**Instructions to follow:** Using the data below, gather each line that includes the word "Collar".

**Exercise data:**
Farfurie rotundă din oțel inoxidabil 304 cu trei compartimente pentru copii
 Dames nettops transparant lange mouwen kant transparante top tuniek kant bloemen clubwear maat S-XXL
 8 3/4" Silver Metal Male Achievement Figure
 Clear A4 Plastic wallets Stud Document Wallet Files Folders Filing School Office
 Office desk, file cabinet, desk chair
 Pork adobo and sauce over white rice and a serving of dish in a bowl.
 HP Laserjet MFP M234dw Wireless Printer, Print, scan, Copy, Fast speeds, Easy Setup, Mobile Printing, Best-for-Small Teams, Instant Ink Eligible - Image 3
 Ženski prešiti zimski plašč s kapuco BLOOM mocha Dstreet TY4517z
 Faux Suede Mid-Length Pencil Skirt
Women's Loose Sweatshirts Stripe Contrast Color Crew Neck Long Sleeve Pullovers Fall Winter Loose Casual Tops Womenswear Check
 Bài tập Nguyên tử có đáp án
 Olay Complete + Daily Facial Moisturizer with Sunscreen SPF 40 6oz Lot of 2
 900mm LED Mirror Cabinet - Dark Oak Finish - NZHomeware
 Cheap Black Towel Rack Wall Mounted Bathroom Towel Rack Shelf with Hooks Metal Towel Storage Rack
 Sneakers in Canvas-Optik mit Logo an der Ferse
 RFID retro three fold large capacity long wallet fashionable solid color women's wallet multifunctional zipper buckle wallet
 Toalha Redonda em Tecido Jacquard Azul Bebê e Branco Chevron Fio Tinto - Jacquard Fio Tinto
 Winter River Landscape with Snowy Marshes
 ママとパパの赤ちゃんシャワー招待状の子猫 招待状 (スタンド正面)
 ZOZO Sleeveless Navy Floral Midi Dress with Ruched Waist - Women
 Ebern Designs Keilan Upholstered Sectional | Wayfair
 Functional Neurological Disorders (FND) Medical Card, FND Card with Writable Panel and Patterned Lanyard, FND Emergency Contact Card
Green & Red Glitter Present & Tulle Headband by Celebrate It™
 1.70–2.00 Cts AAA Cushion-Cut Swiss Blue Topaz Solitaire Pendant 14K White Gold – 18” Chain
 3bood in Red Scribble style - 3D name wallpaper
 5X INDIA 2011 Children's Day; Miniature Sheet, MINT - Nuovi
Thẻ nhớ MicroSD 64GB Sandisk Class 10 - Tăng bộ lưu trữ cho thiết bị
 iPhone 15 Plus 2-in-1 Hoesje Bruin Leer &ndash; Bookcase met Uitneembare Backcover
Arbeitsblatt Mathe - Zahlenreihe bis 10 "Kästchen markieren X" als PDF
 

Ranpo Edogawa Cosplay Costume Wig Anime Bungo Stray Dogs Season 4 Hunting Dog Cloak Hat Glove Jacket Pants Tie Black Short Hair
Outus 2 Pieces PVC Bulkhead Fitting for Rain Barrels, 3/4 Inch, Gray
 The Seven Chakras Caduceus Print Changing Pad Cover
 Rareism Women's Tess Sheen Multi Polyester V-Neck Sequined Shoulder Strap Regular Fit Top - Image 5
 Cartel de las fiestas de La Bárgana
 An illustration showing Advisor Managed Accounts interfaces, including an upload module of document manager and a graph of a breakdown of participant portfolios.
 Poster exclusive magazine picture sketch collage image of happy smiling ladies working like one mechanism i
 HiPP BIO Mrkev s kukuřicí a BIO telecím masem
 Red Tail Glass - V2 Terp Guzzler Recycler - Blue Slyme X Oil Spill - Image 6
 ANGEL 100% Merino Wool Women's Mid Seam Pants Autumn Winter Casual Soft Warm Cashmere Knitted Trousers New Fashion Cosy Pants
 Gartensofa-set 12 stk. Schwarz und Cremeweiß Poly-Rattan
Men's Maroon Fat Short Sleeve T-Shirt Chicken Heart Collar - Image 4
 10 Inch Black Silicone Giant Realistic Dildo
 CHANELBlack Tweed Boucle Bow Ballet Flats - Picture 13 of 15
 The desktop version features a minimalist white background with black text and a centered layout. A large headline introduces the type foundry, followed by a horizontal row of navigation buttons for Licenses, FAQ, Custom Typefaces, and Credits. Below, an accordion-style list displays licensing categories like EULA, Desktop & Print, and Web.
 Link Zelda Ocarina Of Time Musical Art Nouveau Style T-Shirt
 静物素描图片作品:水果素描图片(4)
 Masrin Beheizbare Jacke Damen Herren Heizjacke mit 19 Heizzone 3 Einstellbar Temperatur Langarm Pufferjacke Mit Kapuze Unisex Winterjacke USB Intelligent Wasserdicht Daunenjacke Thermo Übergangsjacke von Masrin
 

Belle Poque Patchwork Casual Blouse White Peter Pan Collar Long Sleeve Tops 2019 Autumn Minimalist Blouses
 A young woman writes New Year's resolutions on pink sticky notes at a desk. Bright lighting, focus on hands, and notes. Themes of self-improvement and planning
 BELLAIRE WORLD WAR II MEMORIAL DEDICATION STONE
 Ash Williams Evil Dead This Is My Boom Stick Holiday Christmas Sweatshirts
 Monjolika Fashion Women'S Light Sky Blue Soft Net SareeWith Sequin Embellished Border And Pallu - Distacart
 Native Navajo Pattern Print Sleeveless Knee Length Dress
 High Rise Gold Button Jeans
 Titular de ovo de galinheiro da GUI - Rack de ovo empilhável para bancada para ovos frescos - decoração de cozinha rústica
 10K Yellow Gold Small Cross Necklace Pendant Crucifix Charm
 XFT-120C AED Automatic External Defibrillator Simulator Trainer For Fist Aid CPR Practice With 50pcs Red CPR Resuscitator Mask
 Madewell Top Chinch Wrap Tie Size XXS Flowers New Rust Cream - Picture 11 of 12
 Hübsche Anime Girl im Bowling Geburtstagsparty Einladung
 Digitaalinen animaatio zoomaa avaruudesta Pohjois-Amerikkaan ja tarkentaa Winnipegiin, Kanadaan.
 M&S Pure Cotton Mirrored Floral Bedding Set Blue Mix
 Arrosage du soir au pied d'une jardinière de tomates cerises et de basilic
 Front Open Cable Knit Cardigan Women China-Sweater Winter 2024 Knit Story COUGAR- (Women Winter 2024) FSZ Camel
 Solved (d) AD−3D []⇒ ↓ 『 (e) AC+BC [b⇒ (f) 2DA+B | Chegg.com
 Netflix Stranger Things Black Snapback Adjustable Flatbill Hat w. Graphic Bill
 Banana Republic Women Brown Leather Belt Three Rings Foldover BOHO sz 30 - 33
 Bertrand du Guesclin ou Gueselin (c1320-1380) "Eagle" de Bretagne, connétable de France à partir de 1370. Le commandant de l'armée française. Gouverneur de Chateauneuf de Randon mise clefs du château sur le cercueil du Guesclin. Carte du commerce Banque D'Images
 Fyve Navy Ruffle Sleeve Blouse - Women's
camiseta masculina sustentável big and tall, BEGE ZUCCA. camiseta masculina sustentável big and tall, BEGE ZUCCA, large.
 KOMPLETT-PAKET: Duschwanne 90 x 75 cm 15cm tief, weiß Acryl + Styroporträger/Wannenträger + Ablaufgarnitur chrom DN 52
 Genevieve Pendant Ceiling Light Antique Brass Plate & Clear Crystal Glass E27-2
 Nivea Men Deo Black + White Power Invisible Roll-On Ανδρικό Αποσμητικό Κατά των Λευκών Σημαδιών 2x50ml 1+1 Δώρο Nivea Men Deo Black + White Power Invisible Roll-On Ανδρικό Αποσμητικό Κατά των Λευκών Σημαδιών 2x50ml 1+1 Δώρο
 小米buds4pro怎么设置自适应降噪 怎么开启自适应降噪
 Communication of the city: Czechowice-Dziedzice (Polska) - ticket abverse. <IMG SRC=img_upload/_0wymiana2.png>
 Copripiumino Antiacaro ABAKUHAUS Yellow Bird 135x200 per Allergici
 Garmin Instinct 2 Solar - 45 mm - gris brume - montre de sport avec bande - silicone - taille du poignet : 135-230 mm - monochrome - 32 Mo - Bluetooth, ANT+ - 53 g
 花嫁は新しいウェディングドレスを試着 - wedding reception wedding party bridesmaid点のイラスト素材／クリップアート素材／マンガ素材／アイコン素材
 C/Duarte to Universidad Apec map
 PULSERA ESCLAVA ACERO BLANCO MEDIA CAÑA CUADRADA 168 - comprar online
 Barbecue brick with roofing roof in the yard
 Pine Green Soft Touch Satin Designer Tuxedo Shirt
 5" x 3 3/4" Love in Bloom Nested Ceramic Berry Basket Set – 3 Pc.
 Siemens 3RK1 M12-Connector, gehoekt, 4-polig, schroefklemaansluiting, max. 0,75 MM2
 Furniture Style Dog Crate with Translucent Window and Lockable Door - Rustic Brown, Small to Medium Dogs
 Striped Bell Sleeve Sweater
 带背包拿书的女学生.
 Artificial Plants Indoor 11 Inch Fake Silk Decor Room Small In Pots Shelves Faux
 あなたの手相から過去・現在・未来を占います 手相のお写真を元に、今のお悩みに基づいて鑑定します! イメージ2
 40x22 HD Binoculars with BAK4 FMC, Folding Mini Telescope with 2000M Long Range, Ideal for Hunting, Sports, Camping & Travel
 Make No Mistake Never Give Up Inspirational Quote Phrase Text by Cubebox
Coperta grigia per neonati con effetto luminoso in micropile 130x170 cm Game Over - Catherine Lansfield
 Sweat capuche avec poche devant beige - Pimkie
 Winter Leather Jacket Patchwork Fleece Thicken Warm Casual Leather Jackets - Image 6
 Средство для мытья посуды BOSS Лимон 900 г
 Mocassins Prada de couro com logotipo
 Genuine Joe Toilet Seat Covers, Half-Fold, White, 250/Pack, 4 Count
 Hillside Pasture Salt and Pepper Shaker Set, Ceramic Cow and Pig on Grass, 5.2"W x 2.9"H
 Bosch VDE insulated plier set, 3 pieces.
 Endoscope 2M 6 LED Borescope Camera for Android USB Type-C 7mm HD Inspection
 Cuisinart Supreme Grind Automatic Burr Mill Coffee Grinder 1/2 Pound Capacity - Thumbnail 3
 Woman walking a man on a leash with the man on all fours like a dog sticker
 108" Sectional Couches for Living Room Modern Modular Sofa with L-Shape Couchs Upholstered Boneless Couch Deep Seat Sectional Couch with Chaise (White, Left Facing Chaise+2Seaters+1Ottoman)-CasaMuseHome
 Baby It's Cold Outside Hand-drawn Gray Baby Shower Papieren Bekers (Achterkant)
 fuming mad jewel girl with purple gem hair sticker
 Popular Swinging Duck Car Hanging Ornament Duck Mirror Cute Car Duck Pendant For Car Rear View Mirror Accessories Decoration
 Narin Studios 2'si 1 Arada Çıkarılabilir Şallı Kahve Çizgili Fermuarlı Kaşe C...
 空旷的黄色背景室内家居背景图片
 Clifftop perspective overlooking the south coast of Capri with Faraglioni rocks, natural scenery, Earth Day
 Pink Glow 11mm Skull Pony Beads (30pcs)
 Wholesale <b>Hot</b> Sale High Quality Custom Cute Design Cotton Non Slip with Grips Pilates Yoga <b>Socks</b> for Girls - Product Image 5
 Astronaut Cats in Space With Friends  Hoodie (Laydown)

**Response to the task:**
Men's Maroon Fat Short Sleeve T-Shirt Chicken Heart Collar - Image 4
Belle Poque Patchwork Casual Blouse White Peter Pan Collar Long Sleeve Tops 2019 Autumn Minimalist Blouses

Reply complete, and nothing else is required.